Si l’Athletic ne renonce pas de manière aussi tranchée à ce qui fait son essence, les Leones sont tout de même obligés de réviser leur politique de recrutement pour rester compétitif. Le club d’El Botxo opère donc quelques changements dans sa politique de recrutement : le seul critère de naissance est rendu caduque, désormais les joueurs pouvant revendiquer une ascendance basque « pure » (père ou mère originaire de la région et plus particulièrement de la province de Biscaye) peuvent désormais être recrutés par le club.

La politique de formation des Leones se modernise également pas à pas, puisqu’il est également acté que les joueurs formés dans la région basque sont susceptibles d’être à leur tour recrutés.

La formation, enjeu majeur du renouveau basque

La nouvelle politique de l’Athletic ne fait pas que des heureux et provoque même de l’inquiétude chez ses concurrents régionaux. En effet, le possible recrutement de joueurs formés dans la région rend officielle la possibilité d’opérer des transferts intra-clubs. Transferts qui rendent palpables les tensions entre les principaux clubs du Pays Basque et de Navarre, comme en 2018 lorsque Iñigo Martinez a quitté la Real pour son rival.

Martinez lors de son arrivée en Biscaye

Le critère régional est lui aussi flexibilisé puisque l’ACB a pu s’entendre avec des équipes de la Communauté Autonome voisine (La Rioja) qui ne fait pas partie historiquement de « la grande région basque », contrairement à la Navarre, pour effectuer des transferts. Ce fut le cas en 2018 notamment lorsque, pour renforcer la Cantera bilbaina, le club a recruté un jeune défenseur colombien Deiby Ochoa qui a grandi et joué uniquement pour des clubs de La Rioja.

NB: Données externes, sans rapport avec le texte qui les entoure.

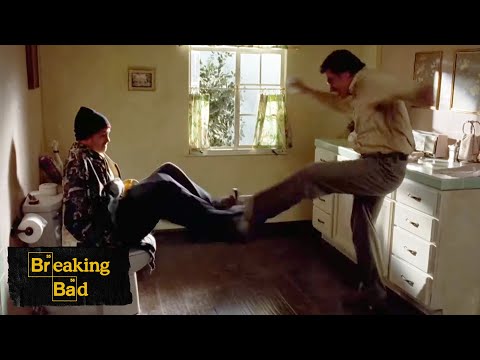 Walter Flushes Jesse's Stash | And The Bag's In The River | Breaking Bad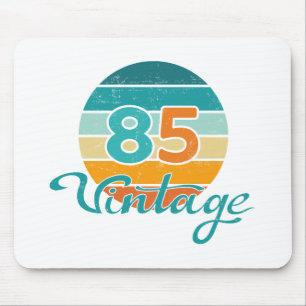 Retro Sunset 85 Vintage Distressed Mouse Pad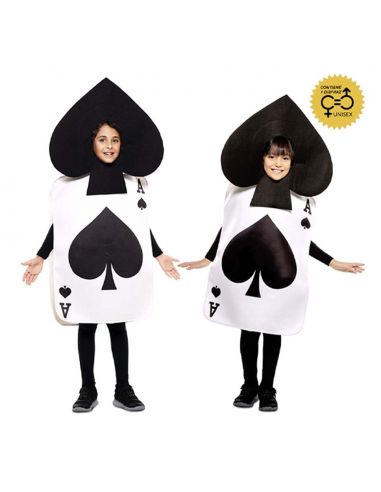 Disfraz de Carta de As de Picas Infantil Tienda de disfraces online - Mercadisfraces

Illustration de cette modernisation, la Cantera de l’ACB et le centre de formation bilbaino deviennent la pierre angulaire du projet sportif du club. Partenariats, création d’écoles de football et renforcement des liens avec les clubs régionaux sont les maîtres mots du renouveau de sa politique sportive. L’exemple le plus probant demeure le défenseur français Aymeric Laporte, né à Agen mais formé à l’Aviron Club Bayonnais, intégré à la Cantera des rouges et blanc puis à l’équipe première avant de filer en Angleterre chez les Citizens.

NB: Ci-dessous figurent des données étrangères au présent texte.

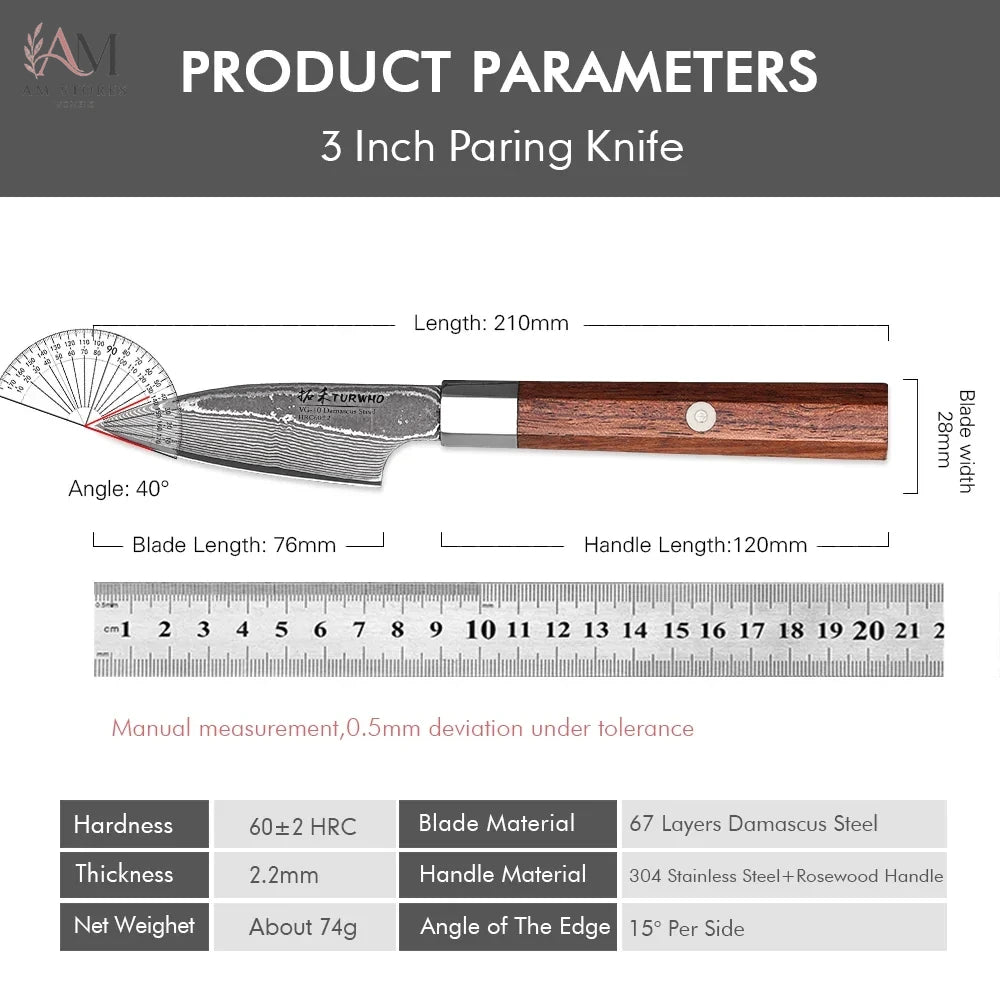TURWHO Paring Knife - view 6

Concernant la Real Sociedad, après avoir abandonné le critère de recrutement basque en 1989 ; l’institution Txuri-urdinak décide en 2002 de mettre fin à une autre règle : celle de la restriction d’importation nationale. Cette règle disposait que les joueurs de nationalité espagnole mais non basques ne pouvaient pas être recrutés par le club. Le transfert de Sergio Boris depuis le Real Oviedo (Asturies) abolit ainsi l’ultime règle restrictive en termes de nationalité pour les pensionnaires d’Anoeta. Désormais, tout joueur de toute nationalité peut intégrer l’équipe des bleus et blancs. Ce renouveau est illustré à merveille avec l’arrivée du Mâconnais Antoine Griezmann au centre de formation de la Real en 2005, ou plus récemment de Robin Le Normand, breton d’origine, aujourd’hui numéro 24 de l’équipe première de la Real.

Robin Le Normand lors de sa prolongation avec les Txuri – Urdinak

Néanmoins, cette subite intégration de joueurs « étrangers », non familiers avec la région peuvent entraîner quelques difficultés d’adaptation pour les joueurs néophytes : « Mon adaptation fut assez difficile au début surtout par rapport à la langue parce que je ne parlais pas du tout l’espagnol mais mes coéquipiers m’ont beaucoup aidé et ont été exigeants avec moi pour que je fasse le moins d’erreurs possibles ce qui m’a permis de progresser rapidement » : Robin Le Normand sur son expérience personnelle pour souligner les difficultés d’intégration pour les joueurs non basques.


Le football basque semble encore aujourd’hui un bastion du football d’antan : celui où l’on supportait l’équipe du coin, ce coin si particulier qui nous a vu naître. Malgré leurs choix opposés, on ne peut enlever à ces deux équipes leur faculté à s’adapter aux affres du football moderne sans pour autant réfuter pleinement ses valeurs intrinsèques, tout en réussissant à performer dans le football d’aujourd’hui.